= Valuegenesis =

"Valuegenesis" is a research study into the faith and values of young people attending Seventh-day Adventist high schools in North America in the three areas of family, school and church. The first survey was conducted in 1990, a second major survey was conducted in 2000, and a third took place in 2010. Related studies also termed "Valuegenesis" have been conducted in other countries.

== History ==
Valuegenesis began as one component of "Project Affirmation", a research study by the North American Division (United States and Canada) Office of Education into Adventist education.

The first study, "Valuegenesis^{1}" (or simply Valuegenesis) began in 1989. In 1990, more than 13,000 students responded to a survey. Following the study, the Project Affirmation Taskforces gave recommendations for change, which they called "Imperatives for Action". It called for youth ministry resource centers to be established. The John H. Hancock Center for Youth Ministry was formed.

In 1993, Steve W. Case criticised the lack of focus on youth of the church, despite the results of the studies.

The children's Sabbath School curriculum was overhauled, with the lessons Our Little Friend through Insight completely rewritten in 2000.

Ten years after the first survey, in 2000, the follow-up study "Valuegenesis^{2}" was conducted. More than 18,000 students responded from over 22,000 questionnaires sent out. According to reports by the researchers, students in the second study exhibited a greater faith maturity, yet spent less time reading the Bible.

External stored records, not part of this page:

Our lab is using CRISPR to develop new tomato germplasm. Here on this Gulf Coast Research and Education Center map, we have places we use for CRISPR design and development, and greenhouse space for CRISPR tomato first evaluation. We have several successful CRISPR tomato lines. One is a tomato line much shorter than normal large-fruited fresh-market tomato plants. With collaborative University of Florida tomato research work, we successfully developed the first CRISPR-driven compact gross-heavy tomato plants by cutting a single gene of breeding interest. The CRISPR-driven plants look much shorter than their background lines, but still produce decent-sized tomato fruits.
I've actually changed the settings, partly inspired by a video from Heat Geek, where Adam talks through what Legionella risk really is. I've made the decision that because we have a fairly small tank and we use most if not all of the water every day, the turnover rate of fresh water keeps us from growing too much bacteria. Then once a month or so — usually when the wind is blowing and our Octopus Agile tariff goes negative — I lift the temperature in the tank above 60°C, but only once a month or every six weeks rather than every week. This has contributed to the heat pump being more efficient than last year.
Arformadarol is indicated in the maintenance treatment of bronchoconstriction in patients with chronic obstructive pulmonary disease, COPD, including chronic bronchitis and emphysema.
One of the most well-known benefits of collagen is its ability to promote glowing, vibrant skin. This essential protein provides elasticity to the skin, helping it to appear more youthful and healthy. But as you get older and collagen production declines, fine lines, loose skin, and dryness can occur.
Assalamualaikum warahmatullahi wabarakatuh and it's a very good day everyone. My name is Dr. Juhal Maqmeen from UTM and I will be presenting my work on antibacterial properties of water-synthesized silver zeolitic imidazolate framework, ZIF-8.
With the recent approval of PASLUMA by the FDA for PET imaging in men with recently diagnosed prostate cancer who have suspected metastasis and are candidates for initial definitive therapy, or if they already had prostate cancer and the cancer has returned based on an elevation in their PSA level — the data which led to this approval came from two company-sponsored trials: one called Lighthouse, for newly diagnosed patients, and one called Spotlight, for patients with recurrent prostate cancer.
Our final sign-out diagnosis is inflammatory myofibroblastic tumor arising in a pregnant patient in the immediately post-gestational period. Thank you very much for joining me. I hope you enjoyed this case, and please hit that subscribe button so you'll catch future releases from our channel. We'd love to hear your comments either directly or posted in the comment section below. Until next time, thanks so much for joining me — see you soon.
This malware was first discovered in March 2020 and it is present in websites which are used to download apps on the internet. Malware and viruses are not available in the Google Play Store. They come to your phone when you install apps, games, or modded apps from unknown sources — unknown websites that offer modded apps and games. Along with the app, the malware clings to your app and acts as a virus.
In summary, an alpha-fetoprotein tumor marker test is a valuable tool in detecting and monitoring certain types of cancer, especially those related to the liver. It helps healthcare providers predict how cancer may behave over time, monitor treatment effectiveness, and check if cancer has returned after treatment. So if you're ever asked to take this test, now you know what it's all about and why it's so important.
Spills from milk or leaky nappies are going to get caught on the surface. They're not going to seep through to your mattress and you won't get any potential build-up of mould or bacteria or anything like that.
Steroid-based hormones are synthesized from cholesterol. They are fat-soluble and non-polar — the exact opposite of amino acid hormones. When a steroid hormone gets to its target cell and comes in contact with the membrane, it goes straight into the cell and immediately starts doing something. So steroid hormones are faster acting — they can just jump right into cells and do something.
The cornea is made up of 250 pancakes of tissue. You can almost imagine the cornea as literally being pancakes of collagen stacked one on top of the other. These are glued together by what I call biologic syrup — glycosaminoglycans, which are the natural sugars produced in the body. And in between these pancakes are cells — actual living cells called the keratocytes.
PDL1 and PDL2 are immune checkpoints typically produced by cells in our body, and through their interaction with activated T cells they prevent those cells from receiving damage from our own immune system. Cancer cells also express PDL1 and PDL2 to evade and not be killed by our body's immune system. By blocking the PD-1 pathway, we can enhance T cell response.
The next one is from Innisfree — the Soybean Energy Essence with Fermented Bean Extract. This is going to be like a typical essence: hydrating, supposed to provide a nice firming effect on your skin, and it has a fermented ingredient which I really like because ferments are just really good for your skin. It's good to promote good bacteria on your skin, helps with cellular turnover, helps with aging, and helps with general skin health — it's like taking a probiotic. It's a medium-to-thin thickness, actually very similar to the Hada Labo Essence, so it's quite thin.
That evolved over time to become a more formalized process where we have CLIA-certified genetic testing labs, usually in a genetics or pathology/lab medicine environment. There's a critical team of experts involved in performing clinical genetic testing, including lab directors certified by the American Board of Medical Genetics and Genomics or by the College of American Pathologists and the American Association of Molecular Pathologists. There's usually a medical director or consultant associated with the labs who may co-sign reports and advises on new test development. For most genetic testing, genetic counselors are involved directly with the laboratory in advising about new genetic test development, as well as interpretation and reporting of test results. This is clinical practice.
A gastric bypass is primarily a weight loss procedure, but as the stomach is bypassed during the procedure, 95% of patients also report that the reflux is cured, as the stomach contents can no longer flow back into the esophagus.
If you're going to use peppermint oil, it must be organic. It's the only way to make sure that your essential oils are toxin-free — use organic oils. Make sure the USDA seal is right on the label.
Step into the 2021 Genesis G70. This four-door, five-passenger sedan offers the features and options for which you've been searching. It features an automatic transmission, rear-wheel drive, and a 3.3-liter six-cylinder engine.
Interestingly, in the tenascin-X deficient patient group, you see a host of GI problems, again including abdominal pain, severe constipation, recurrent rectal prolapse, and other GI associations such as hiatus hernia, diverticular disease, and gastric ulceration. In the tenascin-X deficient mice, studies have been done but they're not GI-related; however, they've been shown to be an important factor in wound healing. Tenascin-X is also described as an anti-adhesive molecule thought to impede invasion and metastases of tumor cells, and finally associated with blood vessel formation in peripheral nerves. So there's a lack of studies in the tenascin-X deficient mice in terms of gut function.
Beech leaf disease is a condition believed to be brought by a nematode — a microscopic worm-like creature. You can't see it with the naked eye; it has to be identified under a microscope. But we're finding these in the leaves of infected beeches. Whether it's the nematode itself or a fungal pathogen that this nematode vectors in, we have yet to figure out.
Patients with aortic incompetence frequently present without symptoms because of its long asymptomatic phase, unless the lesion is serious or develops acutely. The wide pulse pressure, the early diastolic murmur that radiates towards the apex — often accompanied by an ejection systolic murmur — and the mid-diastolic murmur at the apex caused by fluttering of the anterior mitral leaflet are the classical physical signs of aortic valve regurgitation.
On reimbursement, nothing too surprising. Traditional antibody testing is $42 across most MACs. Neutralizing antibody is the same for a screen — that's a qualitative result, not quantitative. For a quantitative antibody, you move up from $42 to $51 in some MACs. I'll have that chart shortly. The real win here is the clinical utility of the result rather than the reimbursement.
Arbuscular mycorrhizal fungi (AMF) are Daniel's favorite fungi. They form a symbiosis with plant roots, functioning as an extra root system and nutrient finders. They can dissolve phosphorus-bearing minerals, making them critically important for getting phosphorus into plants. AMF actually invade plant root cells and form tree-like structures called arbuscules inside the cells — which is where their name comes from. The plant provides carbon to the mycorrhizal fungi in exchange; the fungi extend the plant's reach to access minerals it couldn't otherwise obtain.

Further studies were conducted in Europe and other parts of the world. For instance, a "Valuegenesis" survey was conducted in the South Pacific Division in 1997. The principal researcher was Barry Gane.

=== Spinoffs ===
Valuegenesis has also inspired other studies. A study known as "AVANCE" (Spanish for "advance") was conducted of Latino Adventists in the North American Division in 1993 and 1994. Edwin Hernández was the principal investigator of this study, which was a follow-up to Valuegenesis.

Steve W. Case edited the book Shall We Dance? Rediscovering Christ-Centered Standards, published in 1996. It is based on the Valuegenesis study, and has had a significant impact on the church. One review was by Richard Duerksen. Samuele Bacchiocchi's review was critical. See also an article of the same title by Case. Other articles, again of the same title may be related – by Karl Tstalbasidis and Deena Bartel-Wagner.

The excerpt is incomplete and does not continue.